Mengingat anggaran yang cukup besar pada 2025 yakni Rp 71 triliun untuk program makan bergizi gratis, maka penegak hukum harus dilibatkan sejak awal untuk mengantisipasi penyelewengan yang mungkin terjadi. Badan Gizi Nasional harus menggandeng KPK, Kejaksaan, maupun Polri dalam mengawal program andalan pemerintah baru Prabowo-Gibran.
Antisipasi Hal Buruk
Badan Gizi Nasional akan diisi staf dan pegawai baru yang belum pernah menyelenggarakan pemberian makan bergizi gratis secara kolosal di tingkat nasional. Antisipasi hal-hal buruk di saat implementasi program harus dipikirkan jalan keluarnya. Misalnya, ketidaksesuaian menu yang disodorkan dengan selera siswa, keterlambatan makanan tiba di sekolah, kelangkaan bahan baku makanan, dan ketersediaan air bersih di sekolah yang diperlukan siswa untuk cuci tangan sehabis makan.

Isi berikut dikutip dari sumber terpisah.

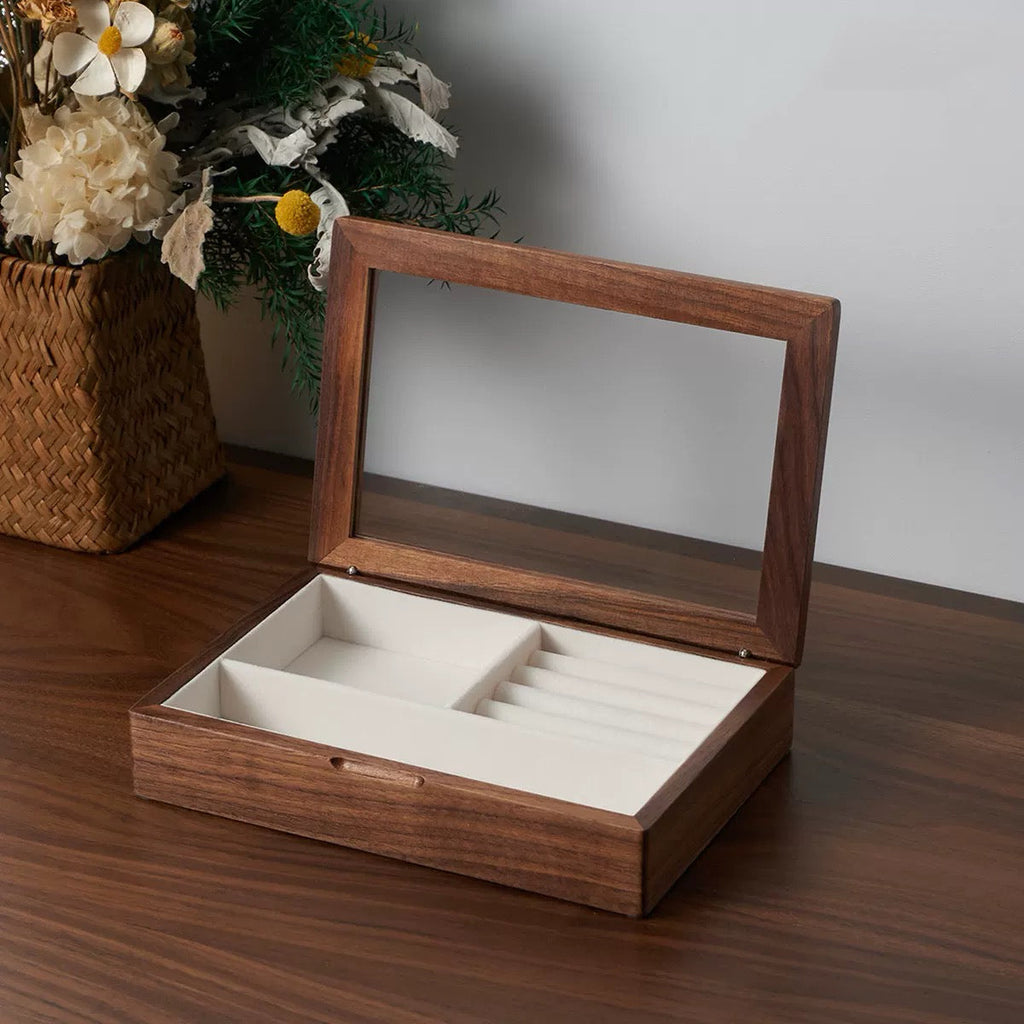 Open walnut Giselle jewelry box with glass lid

Pasal 5 ayat 1 Perpres No 83 tahun 2024 menyebutkan bahwa sasaran pemenuhan gizi mencakup peserta didik, anak balita, ibu hamil dan ibu menyusui. Oleh karena itu, sinergi Badan Gizi Nasional dengan data jumlah sekolah dan siswa dari tingkat dasar hingga menengah di bawah Kemdikbud harus dilakukan sebaik-baiknya di seluruh pelosok Tanah Air. Demikian pula sekolah-sekolah keagamaan/pesantren yang berada di bawah naungan Kemenag.
Dengan disebutkannya sasaran gizi adalah anak balita, ibu hamil, dan ibu menyusui, maka penguatan posyandu sebagai wadah layanan gizi masyarakat harus mendapat perhatian dari Badan Gizi Nasional. Revitalisasi posyandu harus menjadi prioritas. Persepsi masyarakat bahwa posyandu hanya tempat penimbangan anak harus diluruskan.

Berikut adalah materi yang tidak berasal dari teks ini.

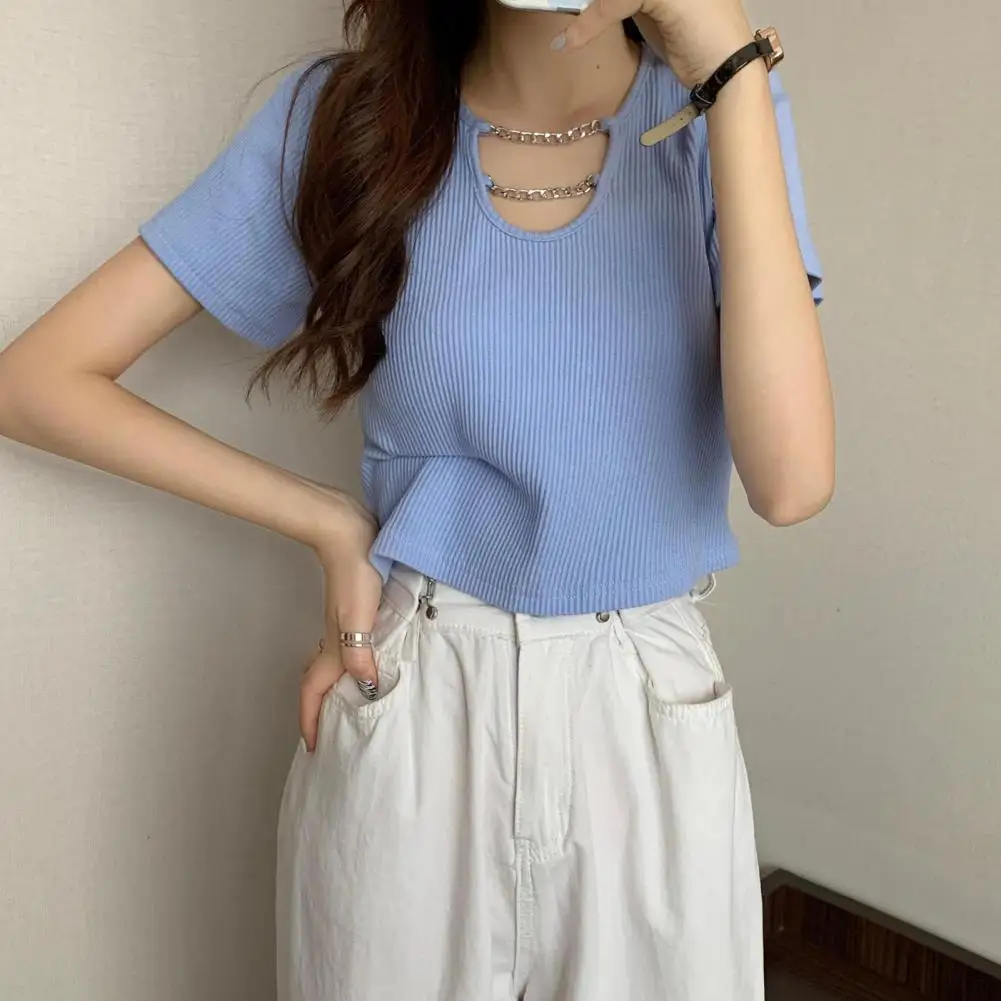 

Basic Top Hollow Out Skin-Touch Dressing Up Sexy Navel Exposed Stretchy Ribbed T-shirt Summer Top Daily Garment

Perbaikan gizi dalam bentuk pemberian makanan tambahan (PMT) untuk anak bergizi kurang, penderita gizi buruk, dan stunting harus memperhatikan kualitas makanan yang diberikan dan durasi pemberian makanan tambahan agar anak penderita masalah gizi “naik kelas” menjadi bergizi normal. Makanan tambahan di posyandu jangan lagi hanya secangkir kacang hijau atau sebutir telur
Kader posyandu harus mendapatkan insentif yang layak, sehingga mereka lebih antusias berpartisipasi menuntaskan persoalan gizi di tingkat masyarakat. Kader perlu mendapat pelatihan secara rutin agar pengetahuan gizinya meningkat dan pemahamannya tentang makanan tambahan untuk anak balita menjadi lebih baik. Ketrampilan mengolah makanan untuk anak balita harus diajarkan sehingga anak-anak di posyandu memperoleh hak yang sama dengan peserta didik yang menjadi sasaran makan bergizi gratis.

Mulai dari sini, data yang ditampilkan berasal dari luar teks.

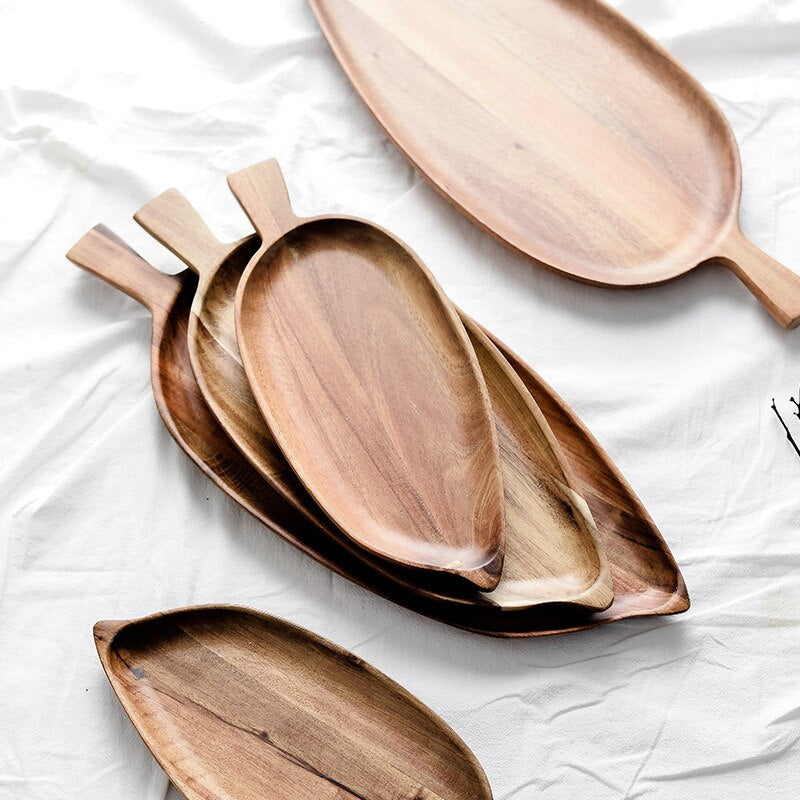 Acacia Wood Leaf Shape Plate; Perfect for Desserts, Bread, Nuts, Snacks, and Cakes | Wooden Tray for Kitchen Utensils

Sebagai penutup, idealnya implementasi program makan bergizi gratis ini dilakukan secara bertahap di beberapa propinsi pada tahun pertama. Lesson learned pada tahun pertama disempurnakan dan dijadikan pembelajaran tahun berikutnya untuk sasaran yang lebih luas yaitu di level nasional.
Dalam empat bulan mendatang Badan Gizi Nasional harus sudah menyiapkan implementasi program makan bergizi gratis yang akan mulai dilaksanakan pada awal 2025. Oleh karena itu, berbagai skenario implementasi makan bergizi gratis harus diujicobakan dan dinilai kelayakannya untuk diterapkan. Kita tunggu kiprah Badan Gizi Nasional untuk memperbaiki kualitas SDM bangsa Indonesia.